Here’s what makes the situation strange, and explains why the jilted AT1 bondholders are in the process of suing the Swiss financial authorities who gave them the axe. There is a thing in finance called the capital structure, which is essentially a ladder of risk from the riskiest to the most secure types of capital. The bottom rung of that ladder is common equity – the riskiest – and from there it goes up through preferred stock, junior (subordinated) bonds all the way up to senior secured debt. That’s the capital structure as everybody learns in Finance 101 and is the assumed impermeable order of things when evaluating the potential risk and return of alternative financial instruments.
In the Credit Suisse case, though, the capital structure was turned on its head by the financial regulators who authored the deal.

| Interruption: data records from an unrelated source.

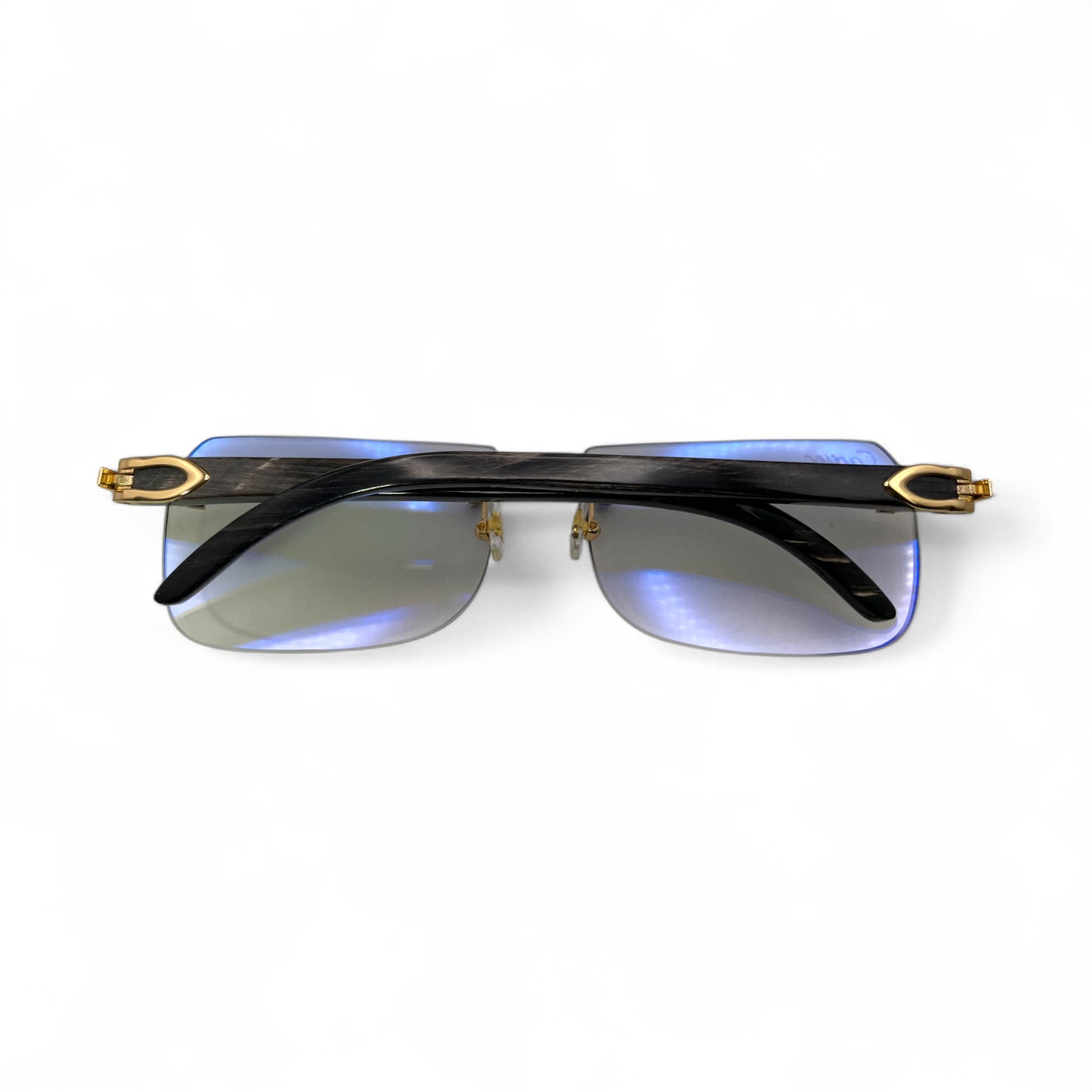 C Decor Buffs - Gold Black Genuine Horn Sunglasses (2010s)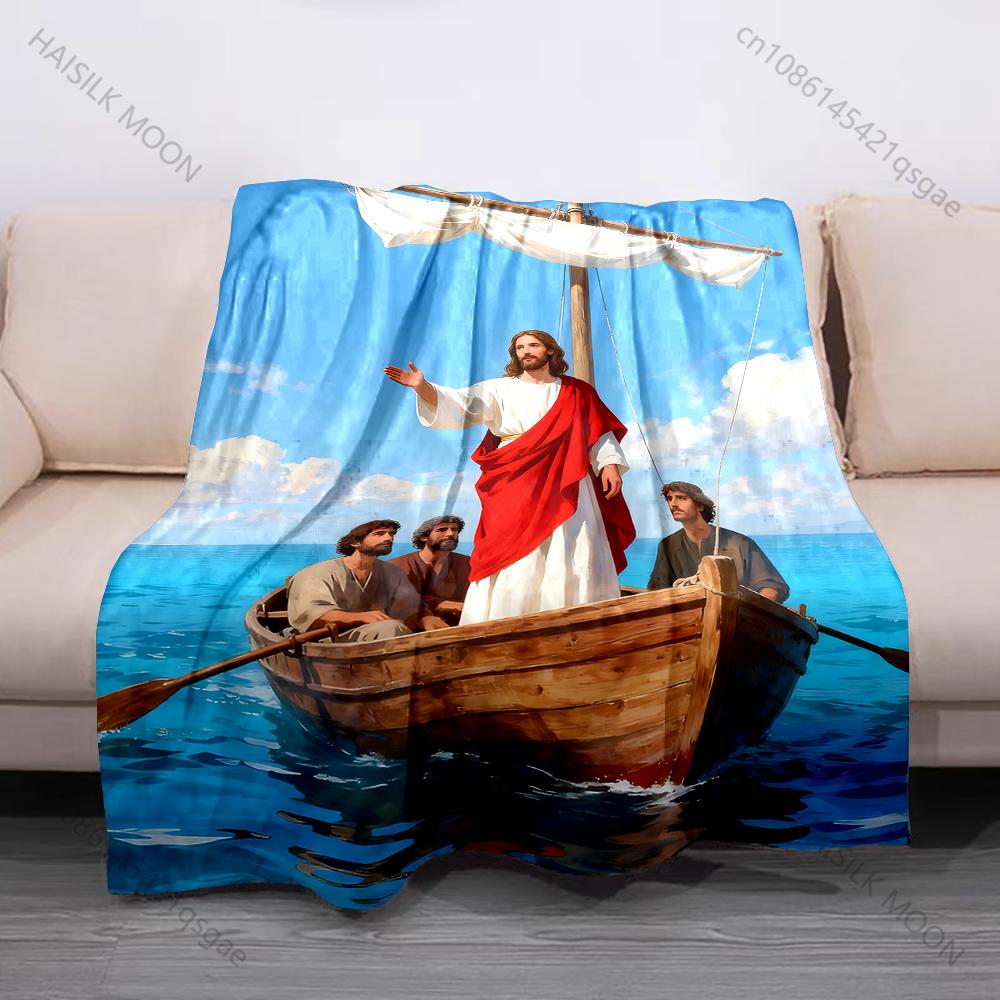 Jesus and his disciples on the boat Print Believer Pray blanket Warm soft flannel material suitable for all seasons luxury gift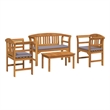 vidaXL Solid Acacia Wood Lounge Set with Cushions in Borwn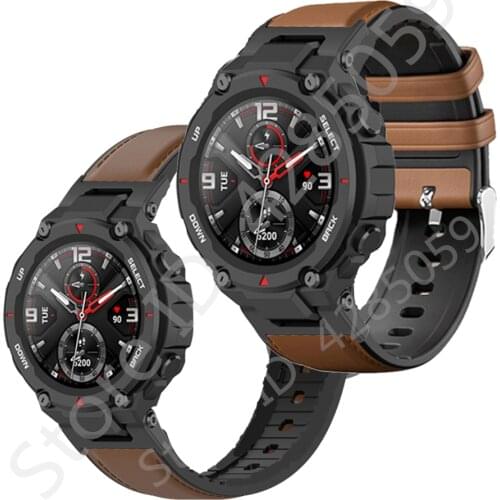 Leather Silicone Watch Band For Huami Amazfit T Rex Replacement Watch Bracelet For Xiaomi Amazfit T-Rex Pro Vintage Accessories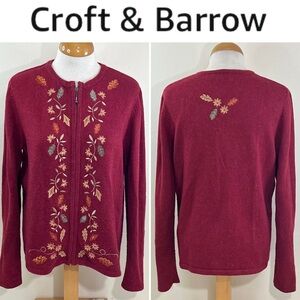 Croft & Barrow Women's Fall Embroidered Sweater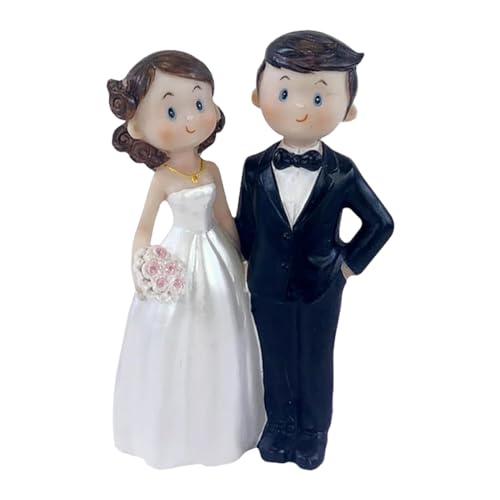 LGWJHCY Hochzeitspaar Cake Topper,Braut Bräutigam Figuren Kuchen Dekorationen,Romantisch Liebeskuchen Mit Brautstrauß Für Geburtstag Hochzeit Valentinstag Autodekoration von LGWJHCY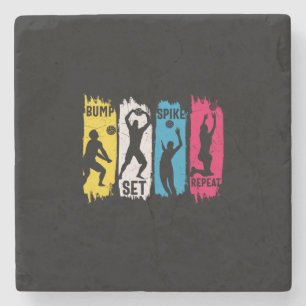 Volleyball Player Set Spike Repeat Stone Coaster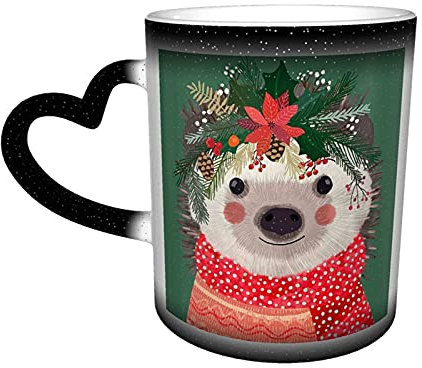 Tasse, Blumen-Igel, süßes Tier, Kaffeetasse, personalisierbar, magischer schwarzer Farbwechsel, Reisebecher, hitzeempfindliche Keramiktasse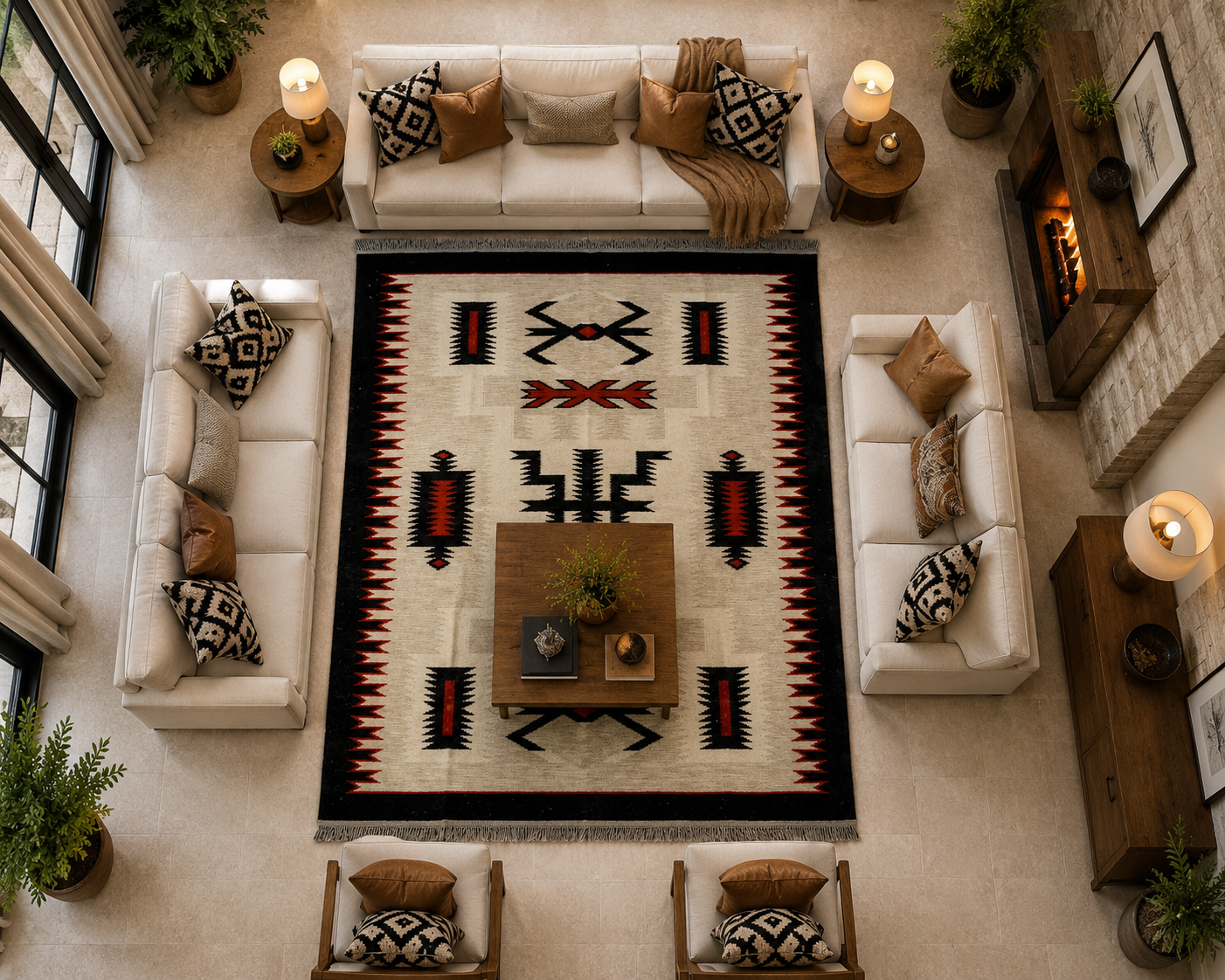 Custom Handmade Wool Rug – Ivory, Black & Rust Design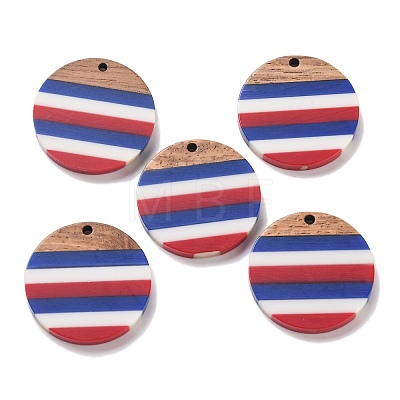 Independence Day Opaque Striped Resin & Walnut Wood Pendants RESI-U010-02R-1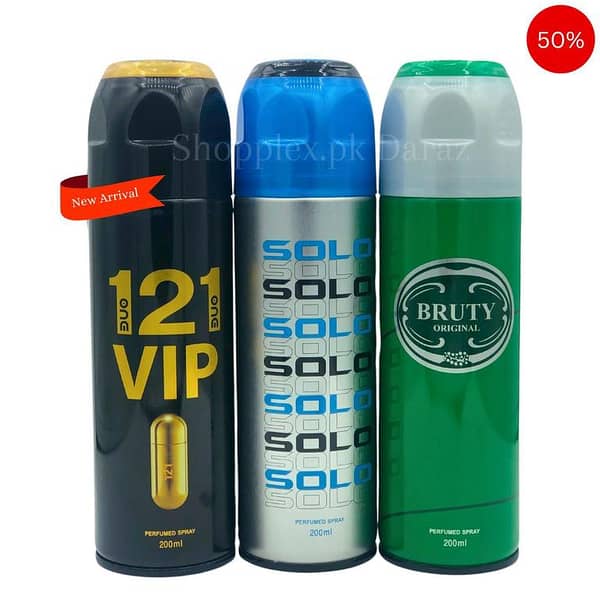 Body Spray Pack of 3 For Men Gift | Big Bottle 200ml ONE2ONEVIP | SOLO | BRUTY by FRESHRITE Value Budget pack For Men & Women Gents and Ladies Deodorants Body Spray Imported High Quality By Lucky Long Lasting Women And Men Gift Whole Sale Gifting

Holders of common stock in Credit Suisse got paid $3.25 billion collectively by UBS as it acquired the bank, while the AT1 bondholders, as noted above, lost everything. Yes – legally, according to the bonds’ covenant language, the bondholders should have known they stood the chance of losing everything. But a bondholder could make a valid argument (whether or not a legally actionable argument) that in any such “extraordinary event” it would go without saying that the common shareholders would be the first ones kicked out the door. We’ll see how this plays out in court (probably not to the benefit of the bondholders, we would imagine). But the idea of financial regulators summarily deciding that the politics of a deal justify overriding the normal rules of capital structure – that’s not a good look (especially given that the profiles of some of the shareholders involved are, to be blunt, political). It may be around to haunt markets for some time to come.